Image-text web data
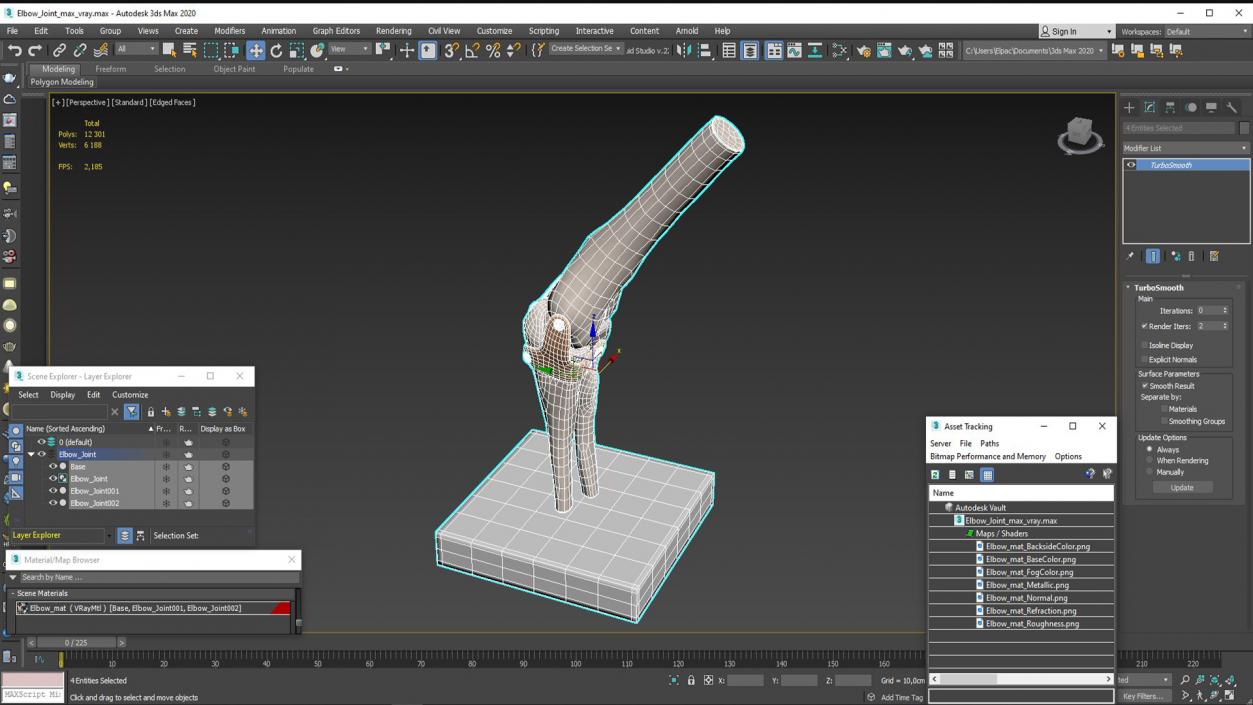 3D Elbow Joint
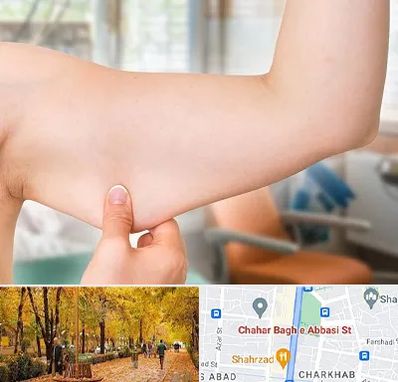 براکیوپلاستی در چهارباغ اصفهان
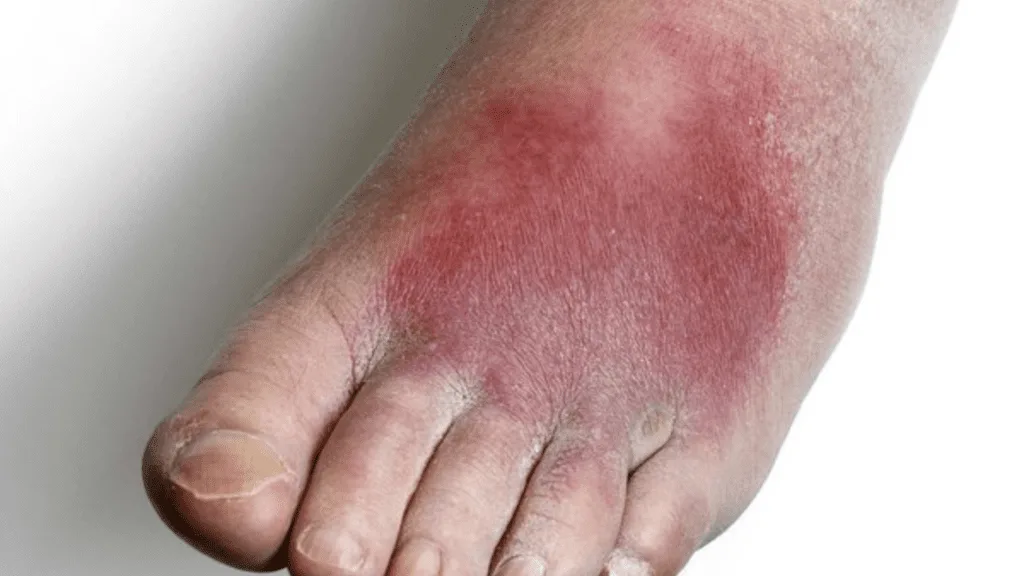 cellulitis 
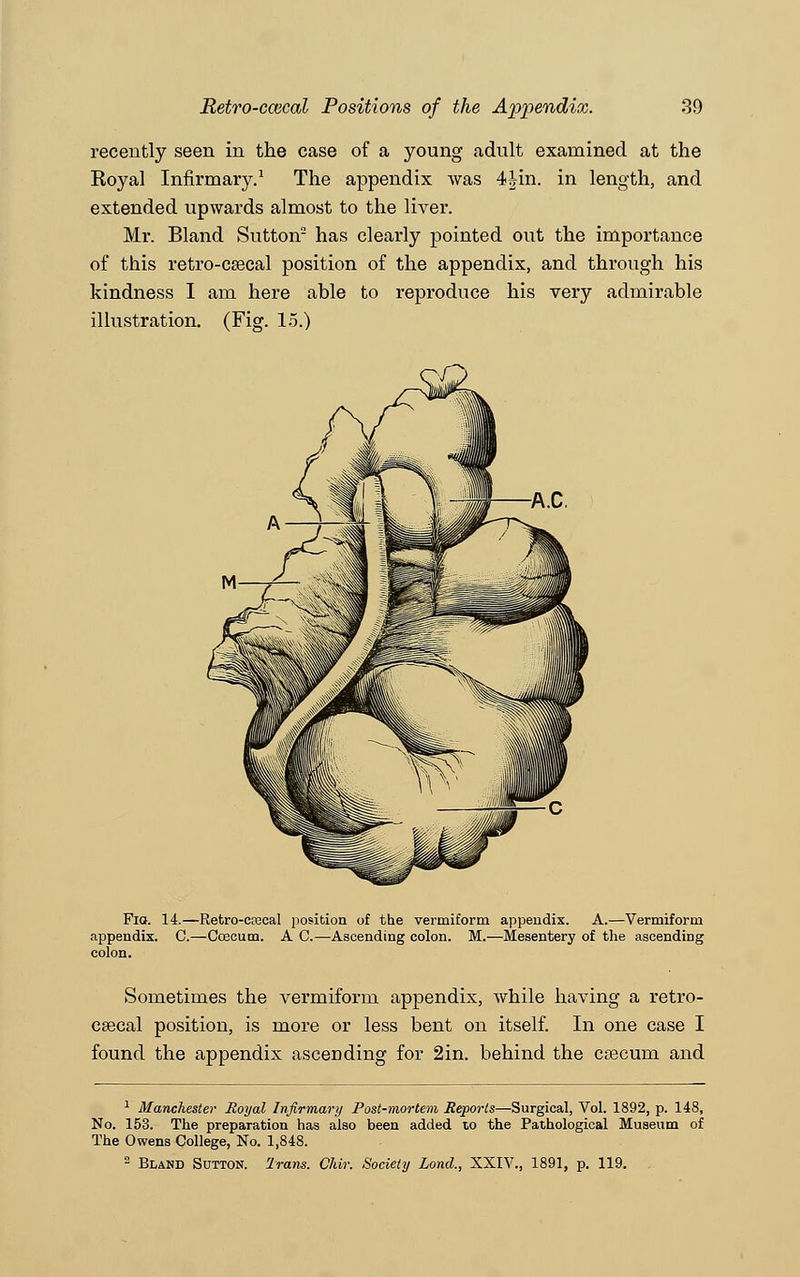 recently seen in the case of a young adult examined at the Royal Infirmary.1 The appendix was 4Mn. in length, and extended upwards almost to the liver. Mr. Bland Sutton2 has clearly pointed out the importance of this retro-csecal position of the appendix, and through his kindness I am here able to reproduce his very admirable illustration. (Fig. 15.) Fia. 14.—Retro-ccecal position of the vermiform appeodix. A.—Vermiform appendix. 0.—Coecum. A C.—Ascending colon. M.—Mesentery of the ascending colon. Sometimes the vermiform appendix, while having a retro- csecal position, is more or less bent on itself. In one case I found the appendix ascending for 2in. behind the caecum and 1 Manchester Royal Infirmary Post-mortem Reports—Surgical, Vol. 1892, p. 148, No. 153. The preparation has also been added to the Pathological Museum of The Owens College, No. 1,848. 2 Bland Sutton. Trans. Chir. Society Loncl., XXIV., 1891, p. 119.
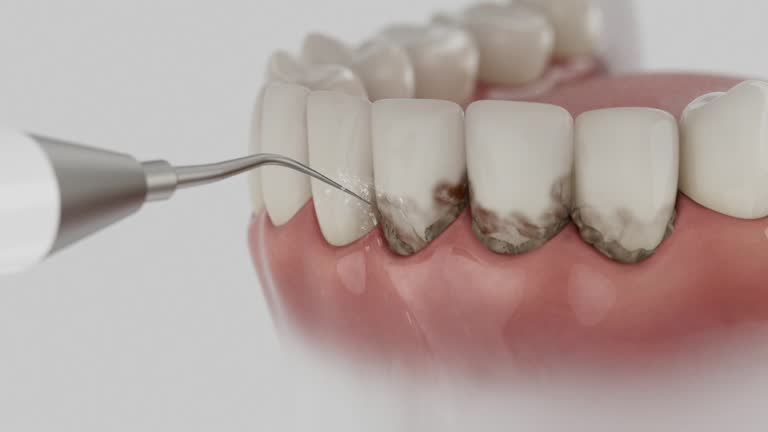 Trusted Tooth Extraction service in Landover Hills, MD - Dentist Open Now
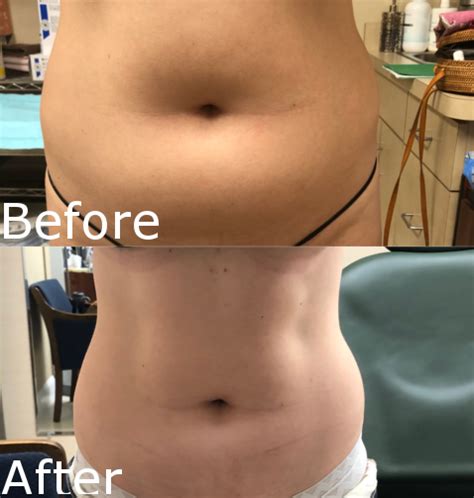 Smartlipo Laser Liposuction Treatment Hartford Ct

REQUIRED WORK:
None of the pictures should be carried over when the data above is transcribed exactly.

THE COMPLETED TASK:
 3D Elbow Joint
 براکیوپلاستی در چهارباغ اصفهان
 cellulitis 
 recently seen in the case of a young adult examined at the Royal Infirmary.1 The appendix was 4Mn. in length, and extended upwards almost to the liver. Mr. Bland Sutton2 has clearly pointed out the importance of this retro-csecal position of the appendix, and through his kindness I am here able to reproduce his very admirable illustration. (Fig. 15.) Fia. 14.—Retro-ccecal position of the vermiform appeodix. A.—Vermiform appendix. 0.—Coecum. A C.—Ascending colon. M.—Mesentery of the ascending colon. Sometimes the vermiform appendix, while having a retro- csecal position, is more or less bent on itself. In one case I found the appendix ascending for 2in. behind the caecum and 1 Manchester Royal Infirmary Post-mortem Reports—Surgical, Vol. 1892, p. 148, No. 153. The preparation has also been added to the Pathological Museum of The Owens College, No. 1,848. 2 Bland Sutton. Trans. Chir. Society Loncl., XXIV., 1891, p. 119.
 Trusted Tooth Extraction service in Landover Hills, MD - Dentist Open Now
 Smartlipo Laser Liposuction Treatment Hartford Ct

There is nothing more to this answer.